Wi-Fi patchy? Swinburne researchers could have the 5G solution
One of the key technologies that enables faster 5G network speeds is mobile edge computing, which stores information locally to speed up data retrieval and service provision for nearby users.
- Swinburne-led research will leverage the capabilities of the 5G network to enable new mobile and Internet of Things applications
- The research will have implications across health, education, business and more
- The project has received $241,960 in ARC Linkage Project funding, working with industry partner AIBUILD to support an innovative 5G-enabled AR/VR learning platform
Leveraging the untapped capabilities of the resilient, secure and fast 5G network is the focus of new industry-linked Swinburne research, which could transform the future of online learning and working.
Supported by $241,960 in ARC Linkage Project funding from the Federal Government, the project is focused on enabling real-time mobile and Internet of Things applications across health, education, business and more, using the super-fast 5G network.
The research team, led by Associate Professor Qiang He and Professor Yun Yang, will work with Deakin University and Australian start-up AIBUILD to make the Otaro AR/VR education platform the first of its kind powered by new 5G technologies.

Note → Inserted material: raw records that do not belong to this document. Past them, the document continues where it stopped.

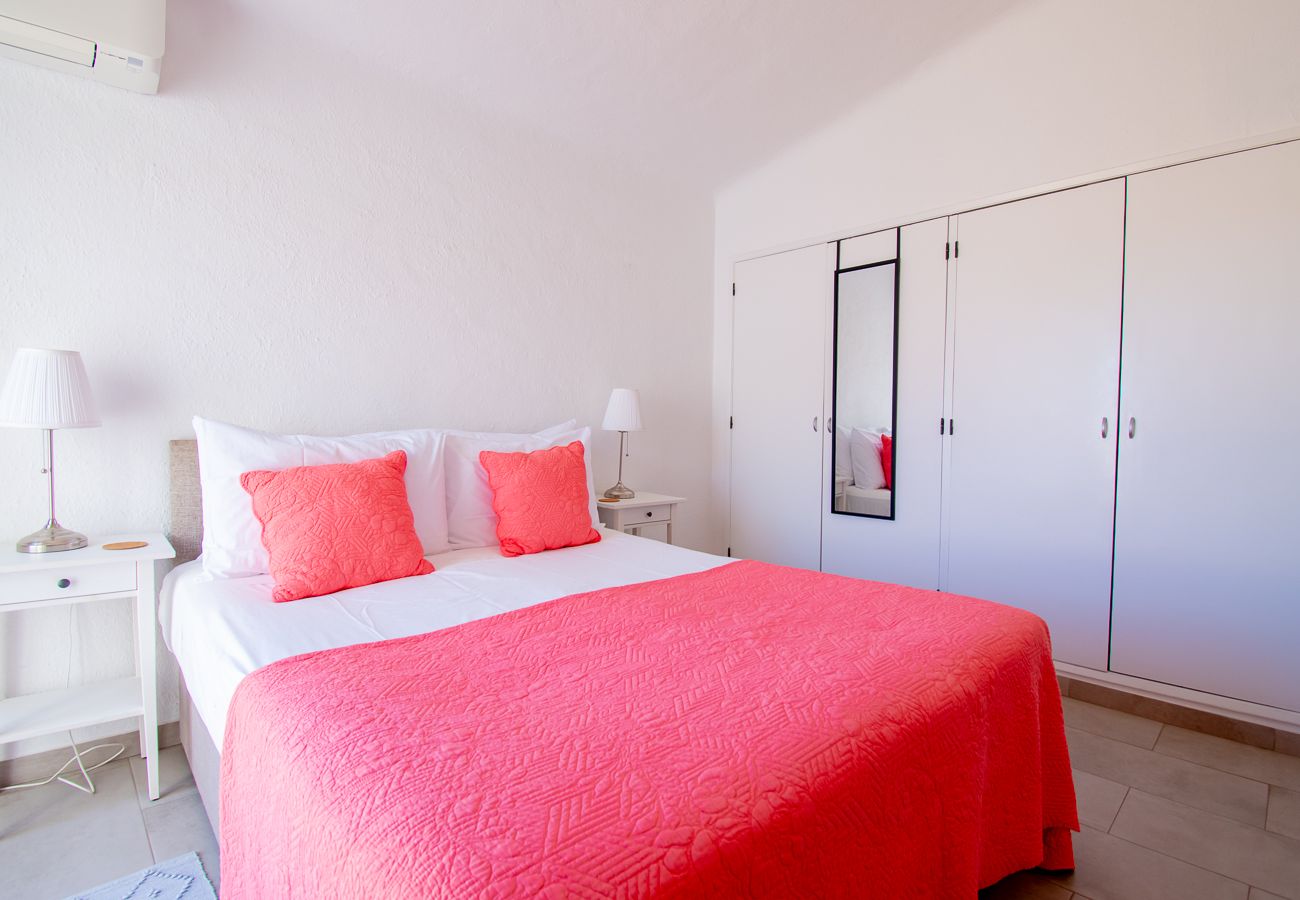 Villa in Carvoeiro - Casa Irena Spacious villa easy walk to Carvoeiro with heated pool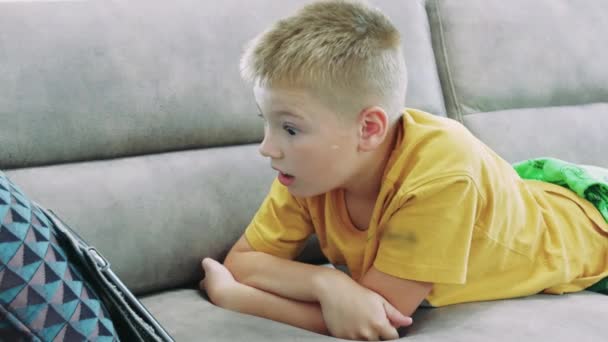 可爱的8岁男孩 看着平板电脑 他很惊讶 对他所看到的感情用事高质量的4K镜头 — 图库视频影像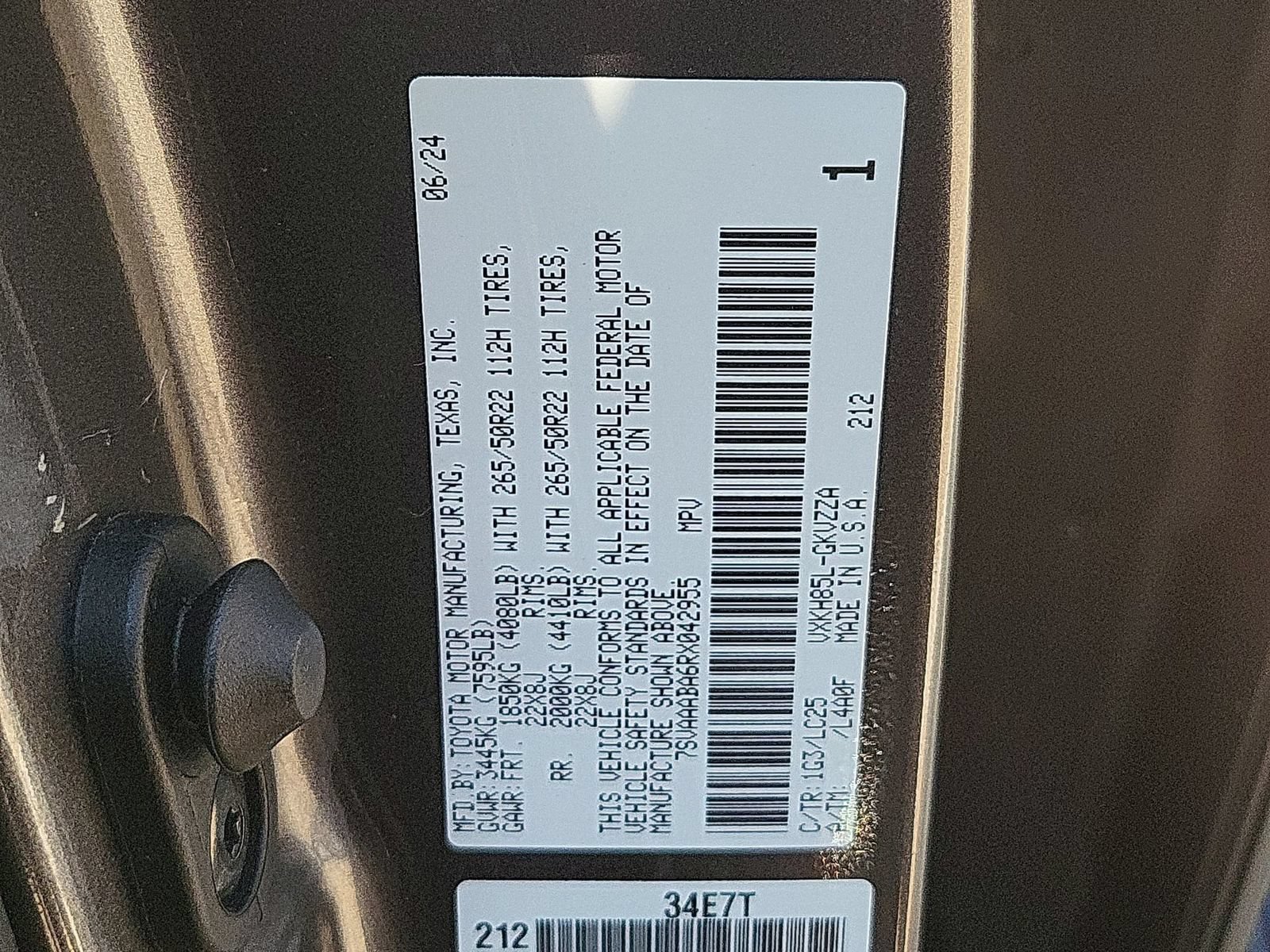 Used 2024 Toyota Sequoia Capstone AWD/4WD image 35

Deputy Vice-Chancellor (Research) Professor Karen Hapgood said the project was a great example of how collaboration with industry could deliver outcomes that benefit the whole of society.
“Working with industry and university partners, this project represents how bringing people and technology together can create innovative solutions to real world problems,” said Professor Hapgood.
“By building on Swinburne’s leading technology, innovation and research capabilities, this project will expand what is possible for Australian organisations harnessing the power of 5G.”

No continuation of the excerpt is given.